Not to contradict anything that you are saying, but you need to account for boredom in your equation, for anyone retiring at a young age. I know I am suffering from this.
I agree, you did not make a statement. Wrong was not for a statement but for your assumption that most of them would stop. True that more than 92% of the USA would never earn that in their entire lifetime. But as their financial situation completely changes, their life will change too. He will want to have more things that he would have in his life before the 5 million profit, so he will want more money to fulfill his wishes. Many would even divorce, if they were married, because the big earnings give more choices that he did not have before and that are now viable.
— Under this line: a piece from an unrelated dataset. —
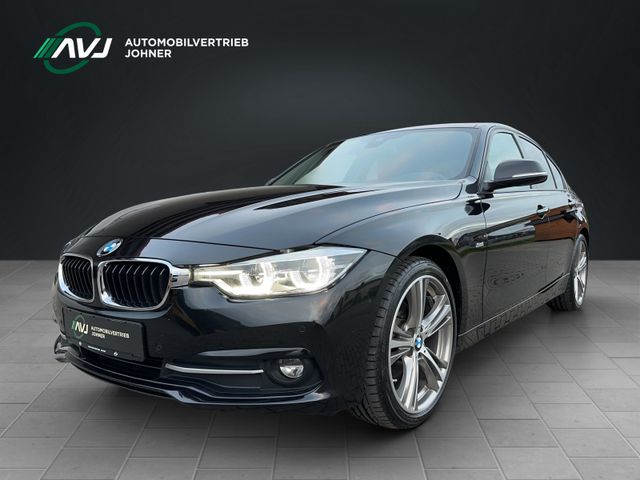 BMW 320d Sport Line | HuD | SD | RFK | Hifi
Watch how many lottery winners divorce and/or start to live another lifestyle $$$$.
I took a long time to build a strategy my results are vague and I have no references to compare if I am on the right way or not
What about the hybrid approach? Most sane traders/investors can and do both. Why? because that is what makes sense. It is always based on age, tolerance of risk, and income from other sources. I am 65, I approach this market as a trader/investor. I am almost all in cash now but very slowly scale into the re-opening market while daytrade to make a bit of money every day. I do not wish to make 55% a month or some ludicrous amount, because sustaining that is way too risky. If you young and want to day trade, I suggest you are better off saving/investing for the next 30-years because of the ease and certainty of that. Then maybe trade a little money aside from your IRA, 401K.
I am also in day trading , altough I don't want to make millions of dollars or thousands of dollars a day. I started with 5k and my goal is making 100-200 dollars a day consistenly.